Copy, exactly as written, the lines that begin at the one containing "CRD, NTWK, ENET, PCI, 3C905C, TXM" and end at the one containing "Image 32 of 42 For 6572 Calamondin Drive". Skip any pictures in the data below.
-- Source data follows --
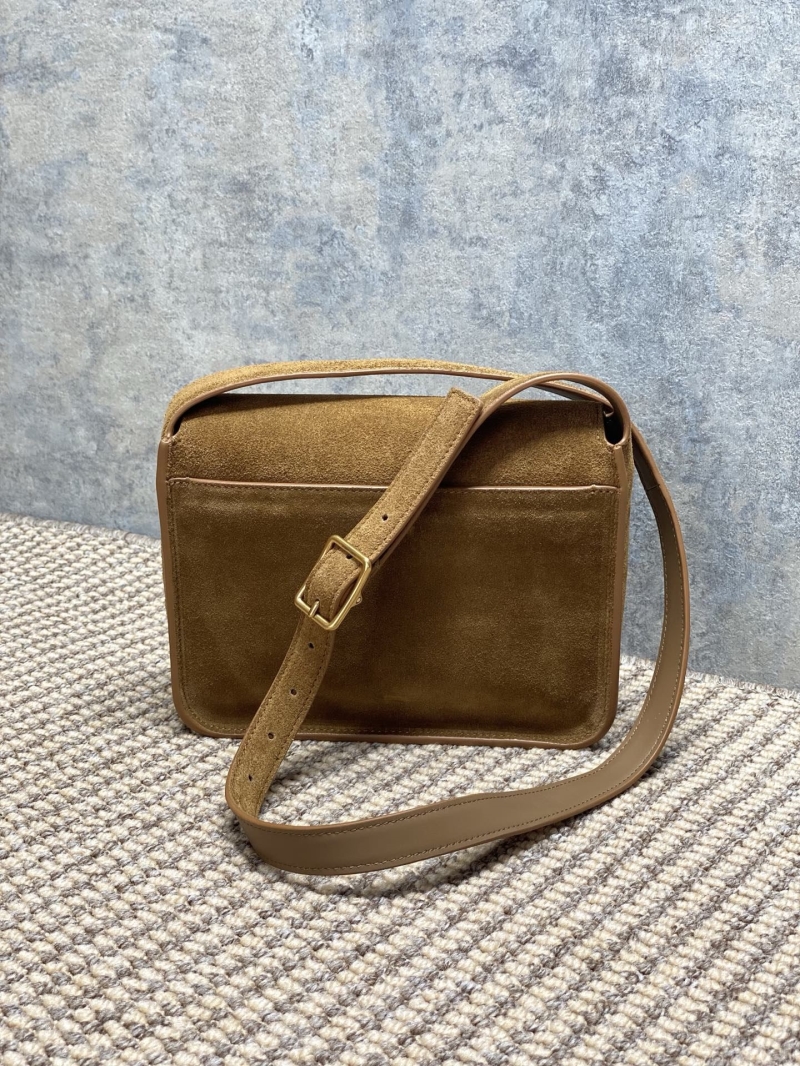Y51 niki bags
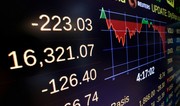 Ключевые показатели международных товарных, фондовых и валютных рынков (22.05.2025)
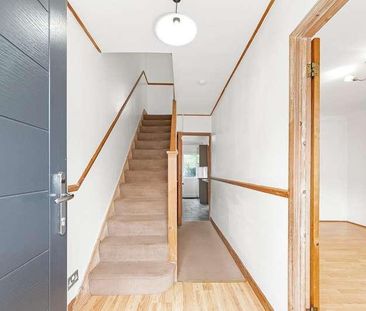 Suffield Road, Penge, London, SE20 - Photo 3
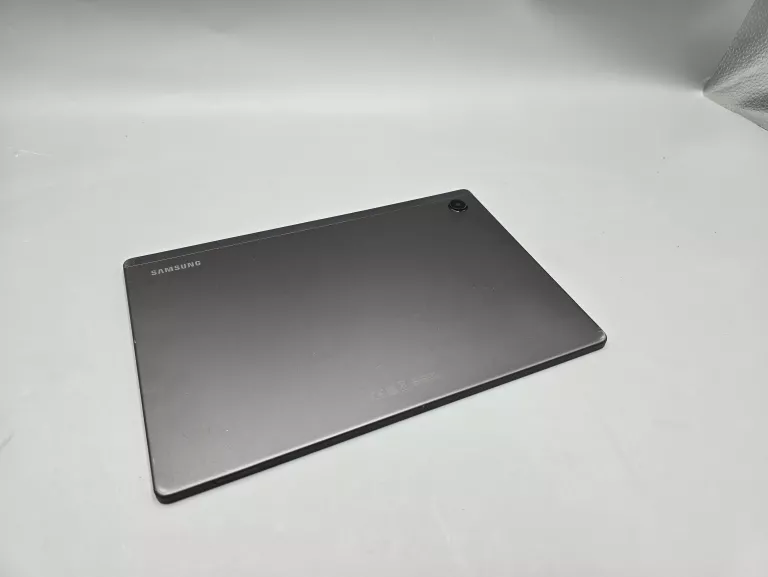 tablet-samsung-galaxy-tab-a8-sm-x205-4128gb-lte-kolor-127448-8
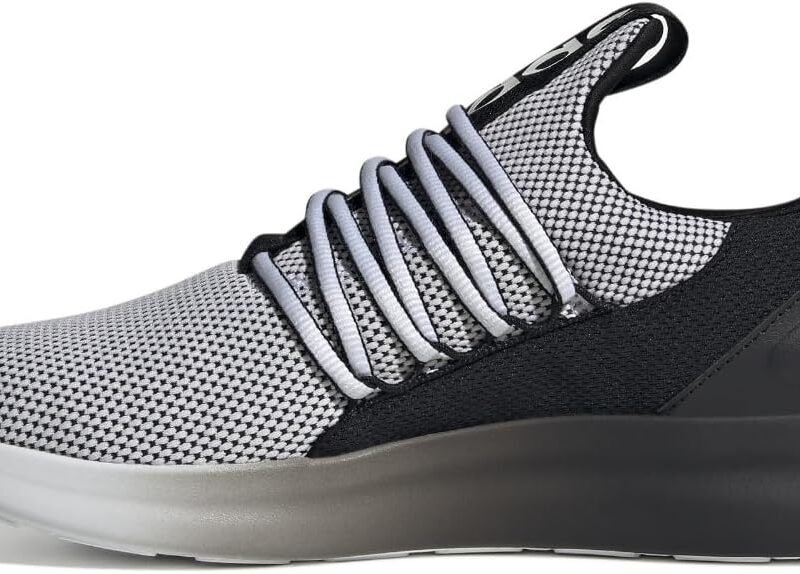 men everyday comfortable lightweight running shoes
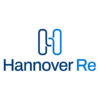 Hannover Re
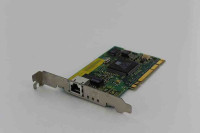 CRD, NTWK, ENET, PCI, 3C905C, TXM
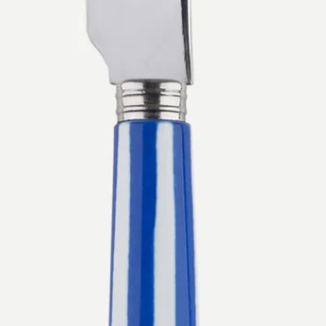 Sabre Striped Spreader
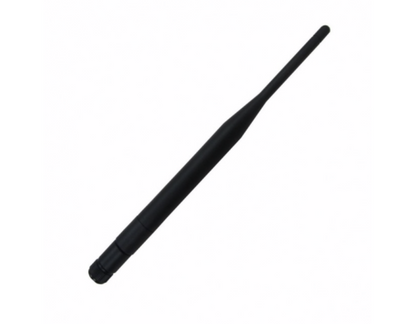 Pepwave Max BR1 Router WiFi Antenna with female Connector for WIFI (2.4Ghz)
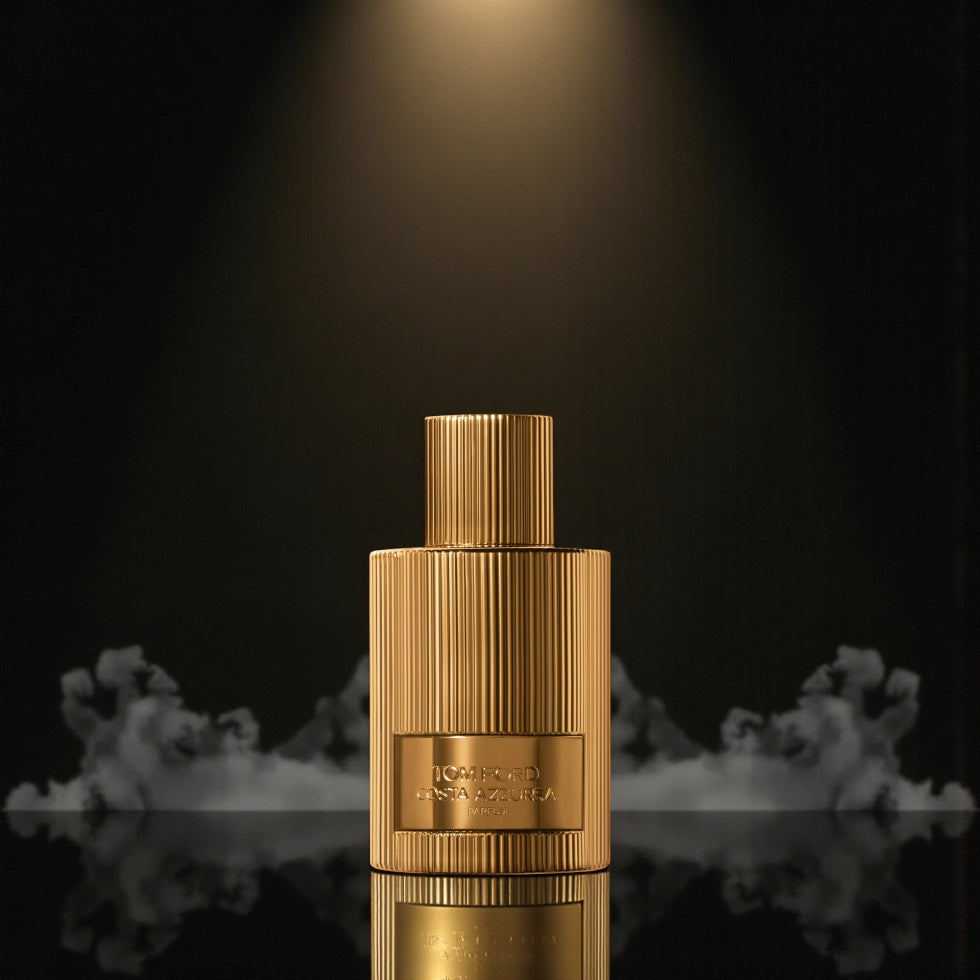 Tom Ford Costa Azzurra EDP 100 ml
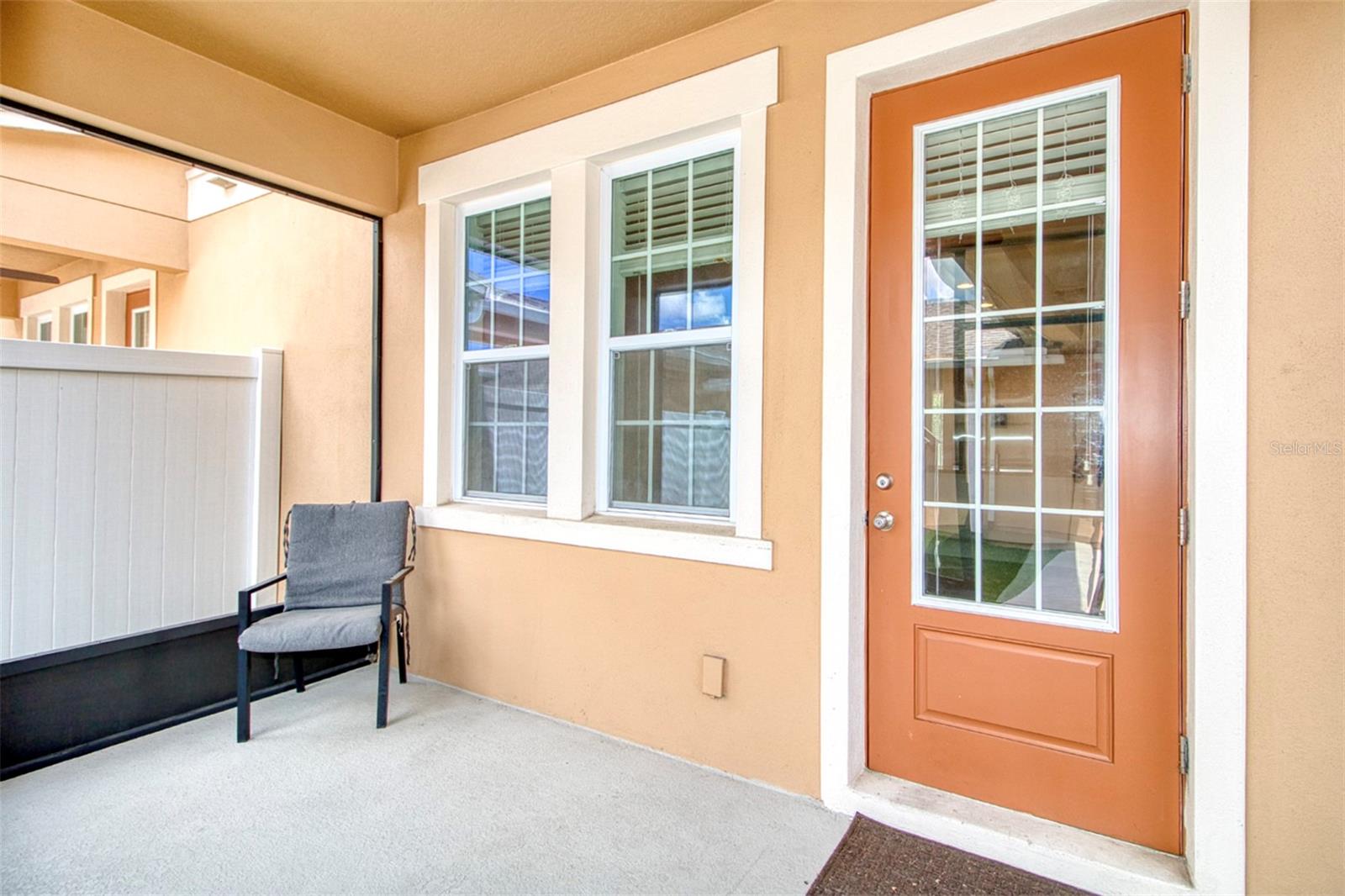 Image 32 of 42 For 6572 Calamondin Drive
-- Source data concluded --
-- Source data follows --
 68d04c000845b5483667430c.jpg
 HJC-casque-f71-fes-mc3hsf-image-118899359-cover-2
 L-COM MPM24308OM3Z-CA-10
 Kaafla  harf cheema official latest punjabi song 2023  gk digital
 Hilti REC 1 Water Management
-- Source data concluded --
• Response:
 CRD, NTWK, ENET, PCI, 3C905C, TXM
 Sabre Striped Spreader
 Pepwave Max BR1 Router WiFi Antenna with female Connector for WIFI (2.4Ghz)
 Tom Ford Costa Azzurra EDP 100 ml
 Image 32 of 42 For 6572 Calamondin Drive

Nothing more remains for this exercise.